San Francisco Property Division Attorneys

Marital Property & Debt Resolution in San Francisco County, Alameda County, San Mateo County, Contra Costa County, Marin County, & Santa Clara County 

Dividing marital property and debt can be an issue that can involve a simple split of household belongings or a marital estate that consists of multiple investment properties, overseas accounts, businesses and business interests, retirement plans, and stock options and portfolios. Without a valid prenuptial or post-marital agreement in effect, these assets and liabilities will be subject to California’s community property rule. However, disputes can arise over hidden assets, the valuation of assets, and whether specific assets are even considered to be “community” property or not.
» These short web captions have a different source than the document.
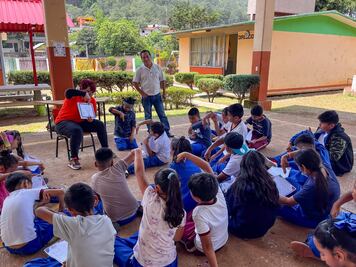Con lengua de señas, capacitan a niñas y niños sobre valores democráticos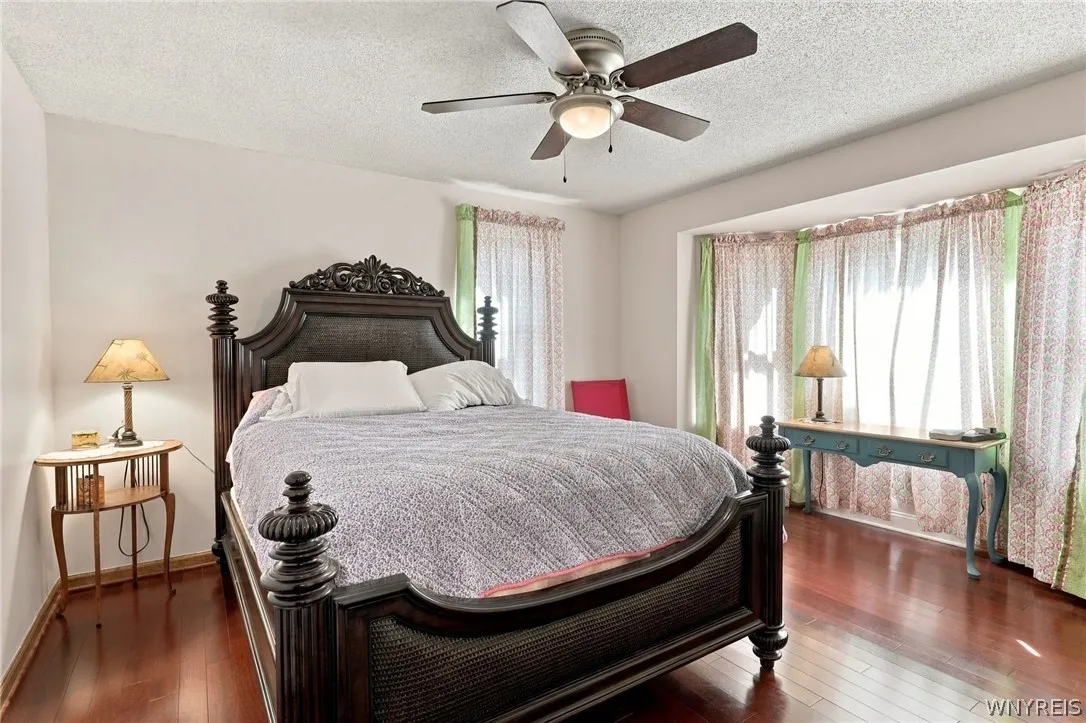 3701 East River Road, Grand Island, New York 14072, Grand Island, New York 14072, 3 Bedroom Bedrooms, 7 Room Rooms,3 BathroomBathrooms,Residential,For Sale,3701 East River Road, Grand Island, New York 14072,0,B1717667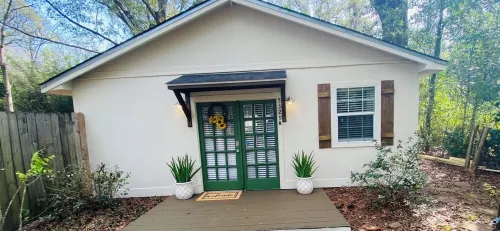 The Cottage on Colonial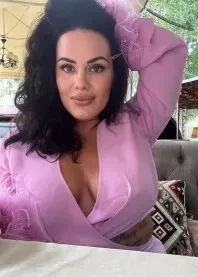 �����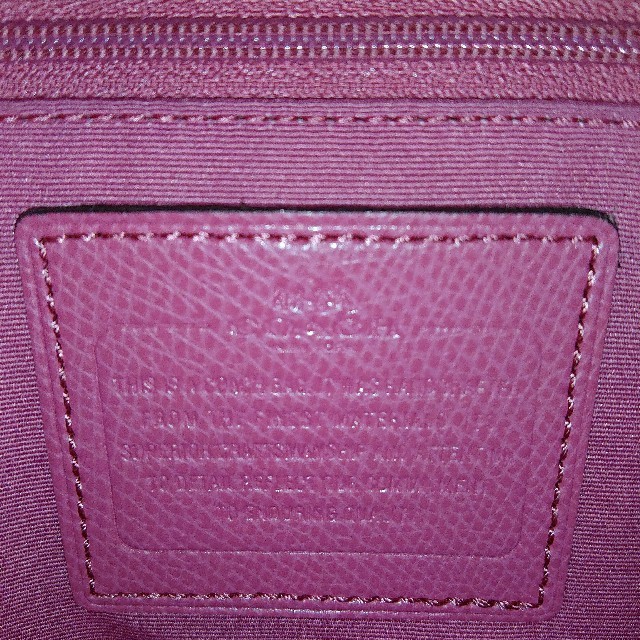 COACH(コーチ)のCOACHショルダーバッグ ピンク レディースのバッグ(ショルダーバッグ)の商品写真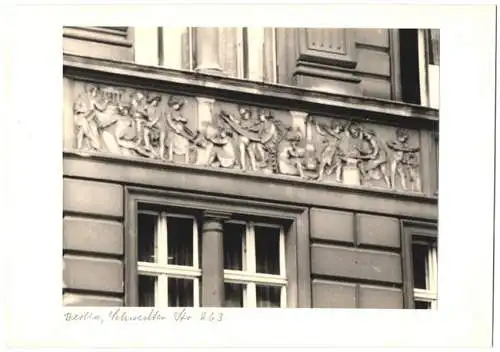 Fotografie F. M. Schimmel, Berlin, Ansicht Berlin, Relief mit Kinderdarstellungen am Haus Schwedter Strasse 263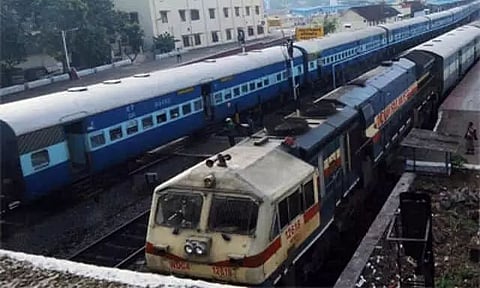 18 Years Old Girl Jumps Before Speedy Train in Tripura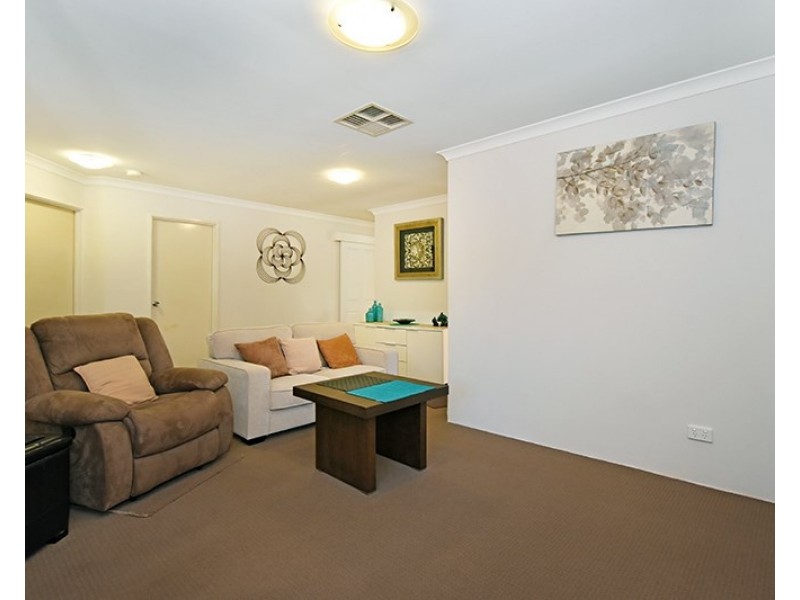 42 Sherbrooke Retreat, Ellenbrook WA 6069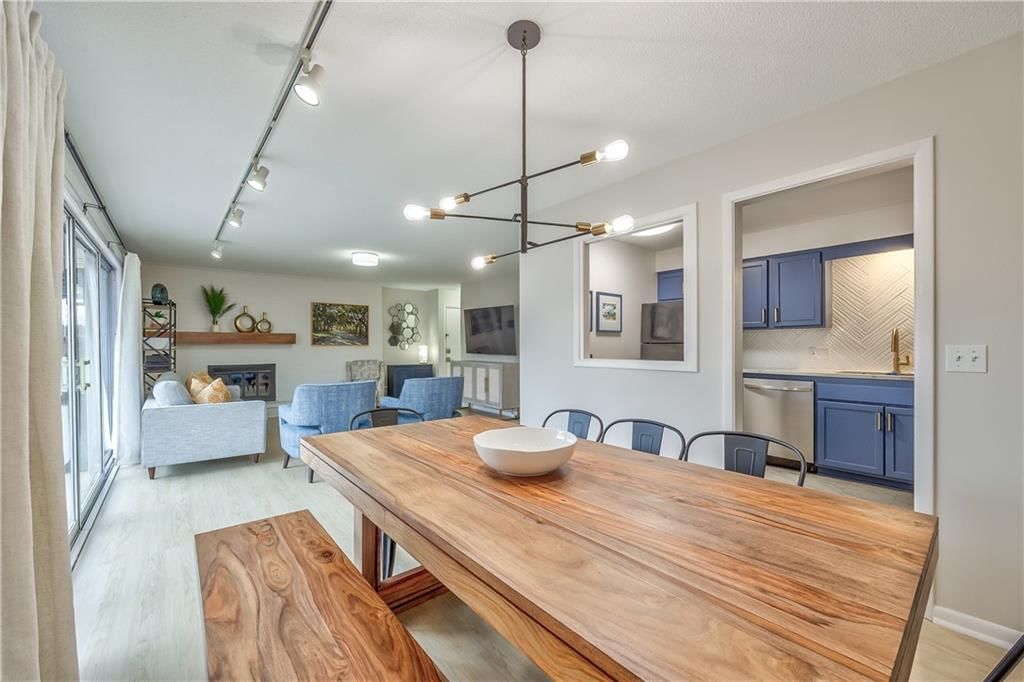 8718 METCALF Avenue — photo 14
At Nachlis | Cohade | Lopez-Whitaker, LLP, we can provide the assistance you need in resolving this important issue. We know that how it is resolved can dramatically impact your financial future. We commonly represent individuals in cases of high-conflict and high-asset property division. With a Certified Family Law Specialist on board, our firm has the advantage of expert knowledge and insight into this complex issue. We also rely on a trusted team of outside experts, such as CPAs, forensic accountants, business valuation professionals, appraisers, and tax consultants who can ensure you are thoroughly advised. 

Marital Property Division in California

As a community property state, California views all the property and assets you and your spouse acquire during your marriage as being owned equally. This means that these assets will be divided and distributed evenly in a divorce. “Separate” property is any property titled to you only that was acquired prior to your marriage or given only to you during your marriage as an inheritance or gift. It is also property that you secure after your separation in preparation for a divorce. As long as your separate property is not commingled into the marital estate during your marriage, it is not subject to the community property rule. California has also established “quasi-community” property that is owned or was acquired prior to locating to California; this property is generally regarded as community property. 
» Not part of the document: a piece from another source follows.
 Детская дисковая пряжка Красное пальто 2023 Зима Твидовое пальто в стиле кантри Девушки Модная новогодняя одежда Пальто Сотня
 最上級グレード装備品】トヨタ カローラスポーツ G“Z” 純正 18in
To avoid a dispute over dividing marital property and debt, you and your spouse can negotiate your own settlement outside of court. This can then be drafted into a written settlement that can be submitted to the court for approval. If the court decides it is fair, the judge can finalize it by signing it and making it part of your divorce settlement.

In high-asset cases where disputes can arise, you may have complex issues, such as:

  • Hidden assets
  • Pensions and retirement accounts
  • Family-owned businesses or business interests requiring valuation
  • Professional practices requiring valuation
  • Overseas assets requiring appraisal or valuation
  • Deferred compensation
  • Stock portfolios and stock options
  • Expensive art requiring appraisal/valuation
  • Estate planning issues, such as property or assets owned through trusts
  • Tax considerations
  • Commercial or multi-family real estate

These issues will require diligent handling, often with the help of other professionals, to bring about a fair and just outcome, either through negotiation or at trial. Whether you need assistance with a relatively simple or extremely complicated division of property and debt, our team is here to protect your financial rights while using all available legal methods to help you find an optimum result.